[Start of Attachment]
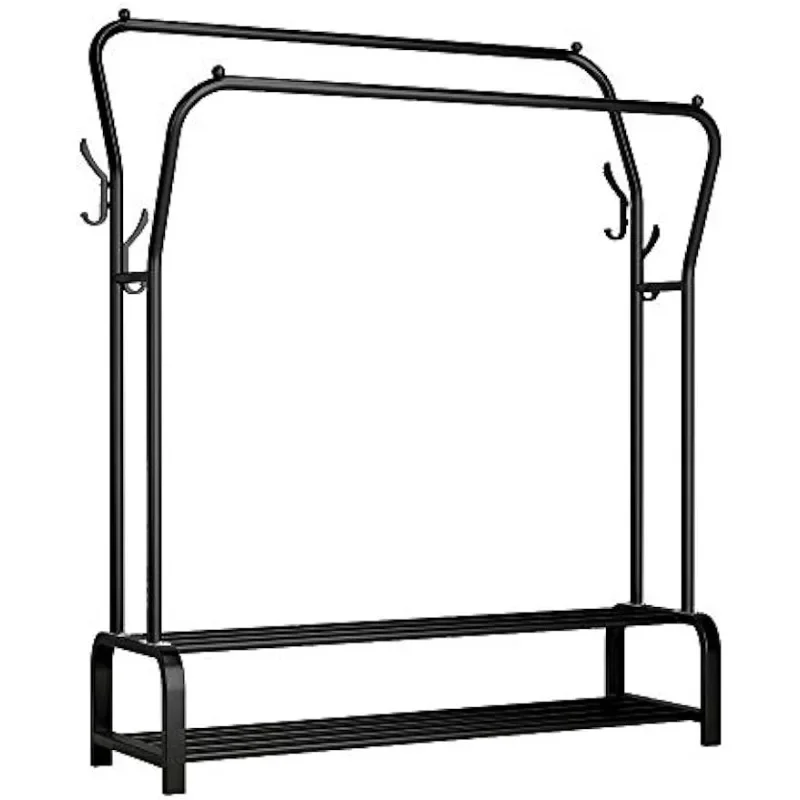 Garment Rack Freestanding Hanger Double Rods Multi-functional Bedroom Clothing Rack, Double layer ，4 Hooks，
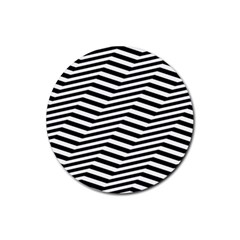 Zig Zag Zigzag Chevron Pattern Rubber Round Coaster (4 Pack)  by Sapixe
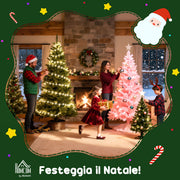 Festive promotional graphic with a family decorating lit trees, with Italian text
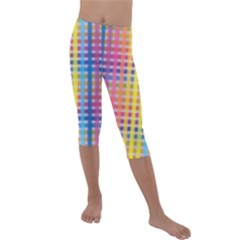 Digital Paper Stripes Rainbow Colors Kids  Lightweight Velour Capri Leggings 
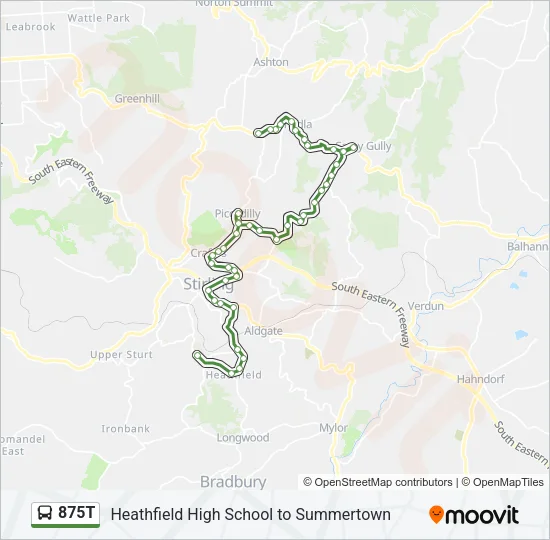 875T Bus Line Map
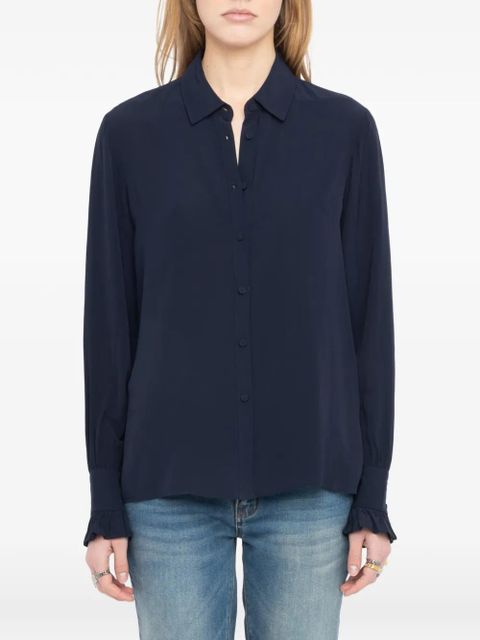 Zadig&Voltaire Thely ruffled-cuffs long-sleeves shirt - Blue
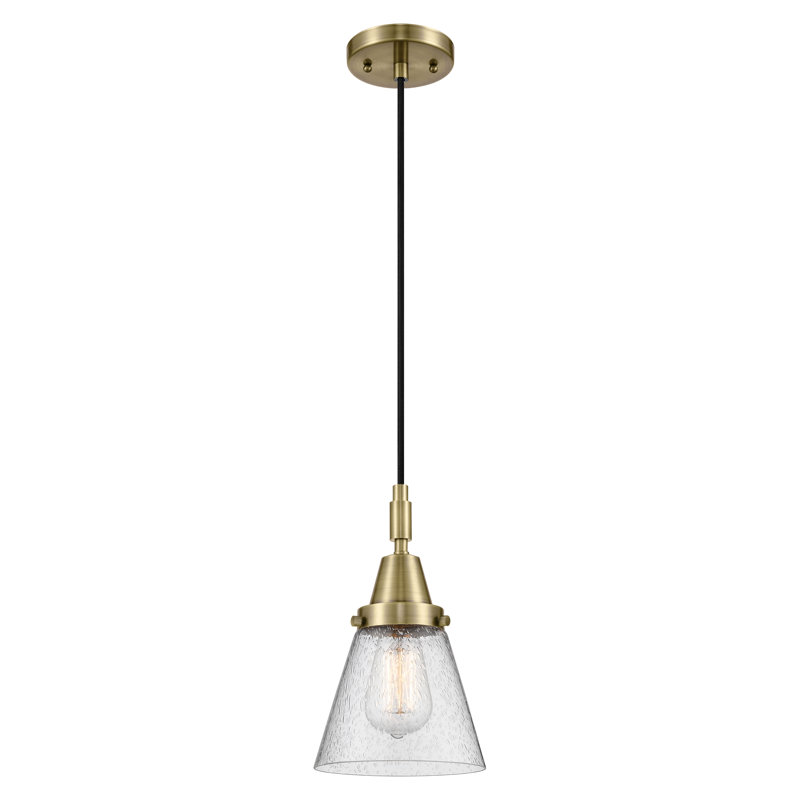 Downtown Urban - Cône Caden - Mini-luminaire suspendu à cordon 1 lumière - Abat-jour, H 129,88 po x l 6,25 po x P 6,25 po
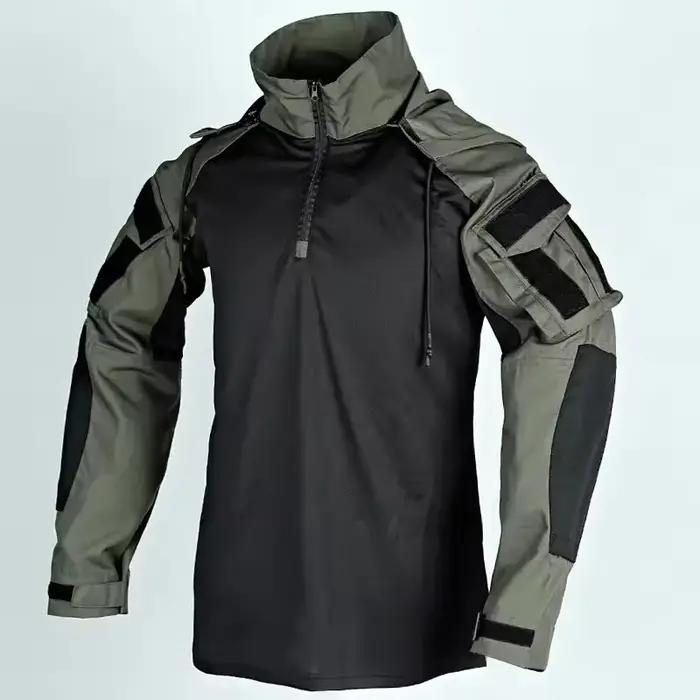 Chemise tactique homme style safari polyester capuche détachable pour randonnée pêche combat militaire et camping four seasons occasions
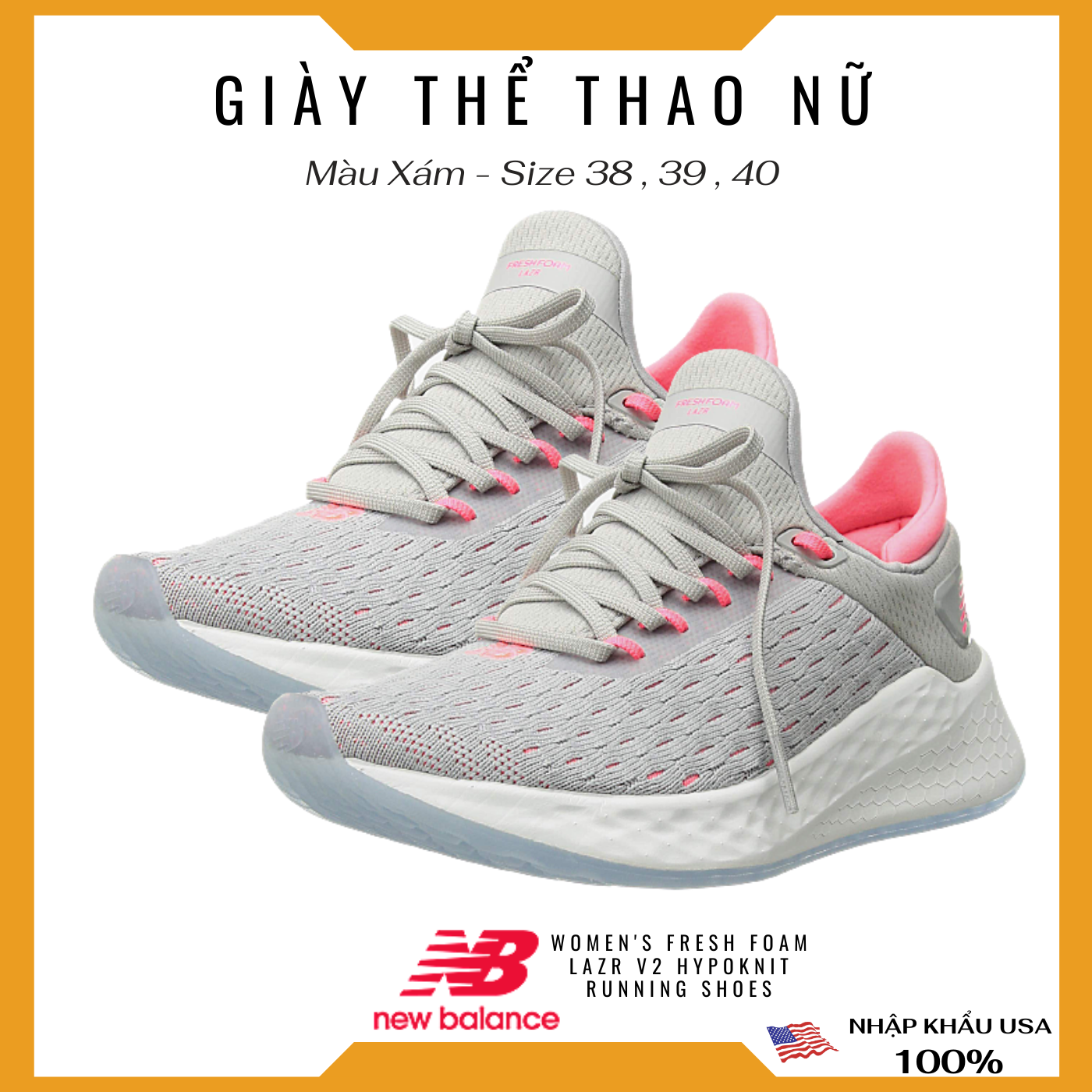 [HCM][Hàng Chính Hãng New Balance][Nhập Khẩu Mỹ] Giày Thể Thao Fresh Foam Lazr v2 HypoKnitÊm ChânForm Chuẩn ĐẹpNhẹ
[End of Attachment]
## WHAT YOU HAVE TO DO
Extract the run of lines from the line holding "Zadig&Voltaire Thely ruffled-cuffs" through the final line of the material above, exactly and inclusively. Leave the pictures behind.

## RESPONSE AREA
 Zadig&Voltaire Thely ruffled-cuffs long-sleeves shirt - Blue
 Downtown Urban - Cône Caden - Mini-luminaire suspendu à cordon 1 lumière - Abat-jour, H 129,88 po x l 6,25 po x P 6,25 po
 Chemise tactique homme style safari polyester capuche détachable pour randonnée pêche combat militaire et camping four seasons occasions
 [HCM][Hàng Chính Hãng New Balance][Nhập Khẩu Mỹ] Giày Thể Thao Fresh Foam Lazr v2 HypoKnitÊm ChânForm Chuẩn ĐẹpNhẹ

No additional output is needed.